Adalet Bakanlığı Ceza İşleri Genel Müdürü Aytekin Sarıkaya, Ankara 19. Ağır Ceza Mahkemesi’nde yargılamaları süren Nuriye Gülmen ve Semih Özakça’nın yaptıkları açlık greviyle ilgili Ankara Cumhuriyet Başsavcısı’na “ivedi” konulu bir yazı gönderdi. 10 Kasım tarihli, “gizli” ibareli yazının konusu “DHKP/C Terör Örgütü Faaliyetleri” oldu. İsimleri “tırnak” içinde verilen Gülmen ve Özakça için “örgüt mensupları” ifadesi kullanılan yazıda, açlık grevinin “işlerine geri dönmek amacıyla” yapıldığının belirtilmesi dikkati çekti.
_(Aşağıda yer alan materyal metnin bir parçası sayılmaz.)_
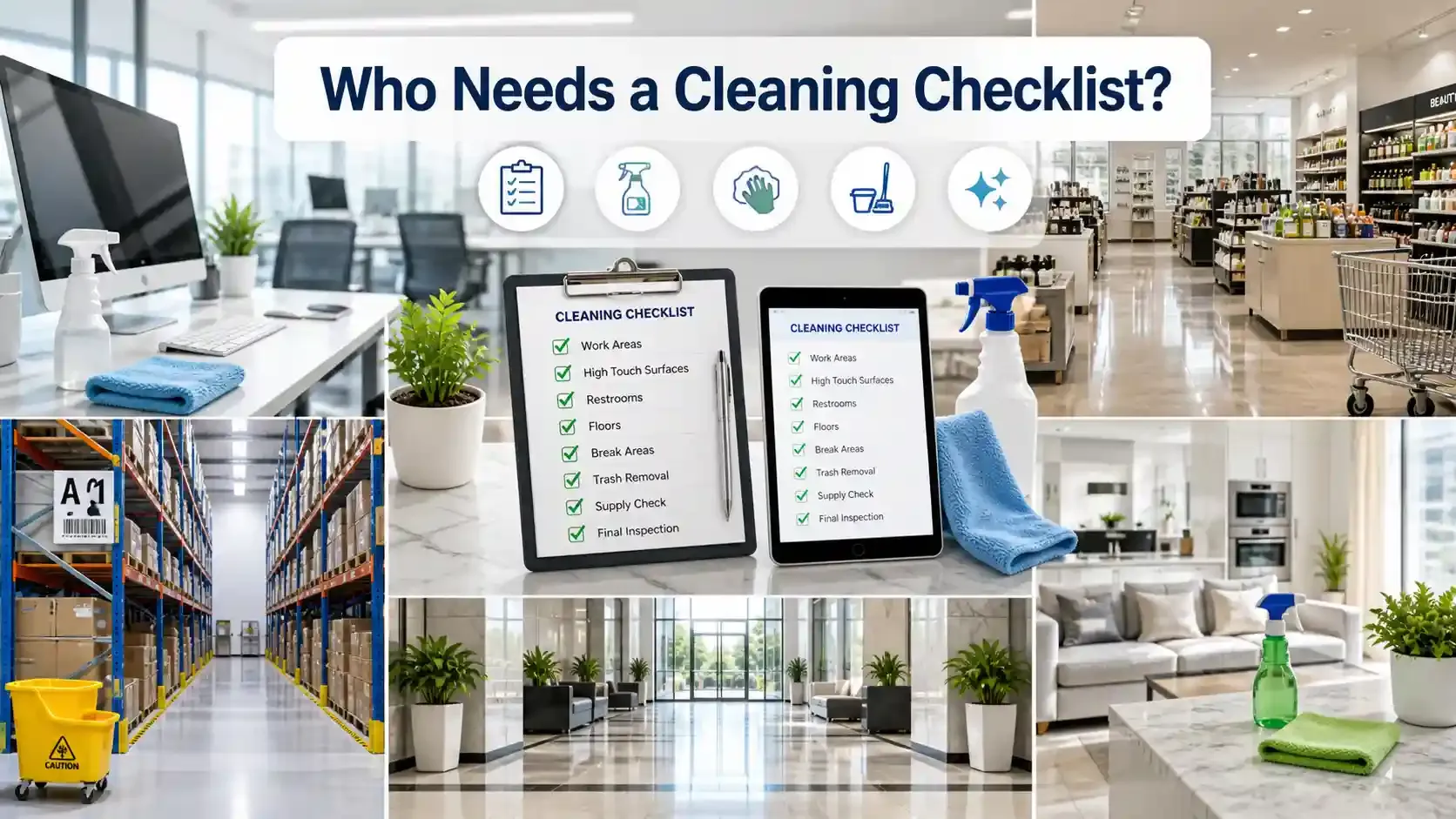 Cleaning checklist for businesses across office, retail, warehouse, and home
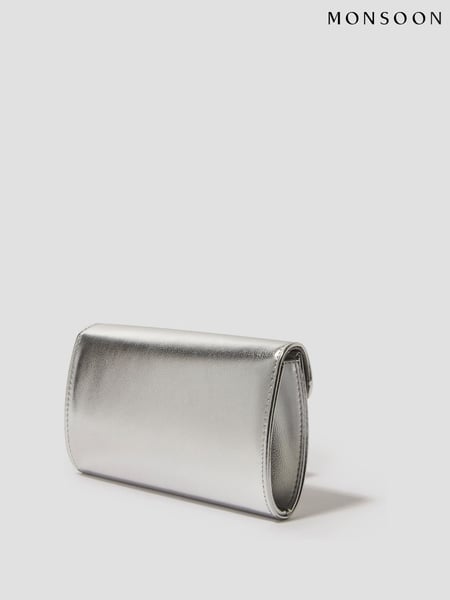 Monsoon Silver Selena Bow Metallic Clutch Bag (AR1480) | € 70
Cumhuriyet'ten Alican Uludağ'ın haberine göre, yazıda şöyle denildi:
“DHKP/C terör örgütü memur alan yapılanması DMH (Devrimci Memur Hareketi) içerisinde faaliyetlerinden dolayı KHK ile görevinden ihraç edilen, geri dönmek amacıyla açlık grevi yaparken tutuklanan ve cezaevinde de açlık grevine devam eden ‘Nuriye Gülmen’ ve ‘Semih Özakça’ isimli örgüt mensuplarının sağlık durumlarının olumsuz seyri ve eylemleri hakkında örgüt tarafından kamuoyu oluşturmaya yönelik sosyal medya, ulusal/uluslararası basın üzerinden yoğun çabalar olduğu, ayrıca çeşitli terör örgütleri, STK’ler ve sol oluşumlar tarafından çağrıların karşılık bulduğu, örgüt üst yönetiminin ise önümüzdeki dönemlerde gerçekleştirmeyi amaçladıkları eylemler açısından şahısların ölmelerini beklediği bilinmektedir.”
Ölüm beklentisi...
“Bu minvalde örgüt mensuplarının hayatlarını kaybetmeleri durumunda; belli kesimlerden gördüğü olumlu ve yoğun karşılığı da kullanarak şahısların devlet yüzünden öldükleri ve legal yollardan hak aranamayacağı -sözde- intikamlarının alınacağı şeklinde açıklamalar yapıp sempatizan kitleleri sokak eylemleri için politize etmeyi amaçlayabilecekleri” ileri sürülen yazıda, şu ifadeler kullanıldı:
“Örgüt mensuplarının ölümlerinden -sözde- sorumlu tutacakları, ‘Nuriye Gülmen ve Semih Özakça’nın yargılama aşamasında görev alan Adalet Bakanlığı çalışanlarına, kurum, tesis ve araçlarına; Emniyet/Jandarma personeline, bina tesis ve araçlarına, şahısların -sözde- zorla muayene ettiklerini iddia ettikleri sağlık personeline yönelik silahlı/bombalı eylem arayışlarında bulunabilecekleri, gerçekleştirmeyi düşündükleri eylemleri kendilerince meşru göstermeye çalışacakları değerlendirilmektedir. Bu kapsamda örgüt mensuplarının dava ve hastane süreçlerinde muhtemel olumsuzluklara mahal vermemek adına güvenlik tedbirlerinin arttırılması fayda görülmektedir.”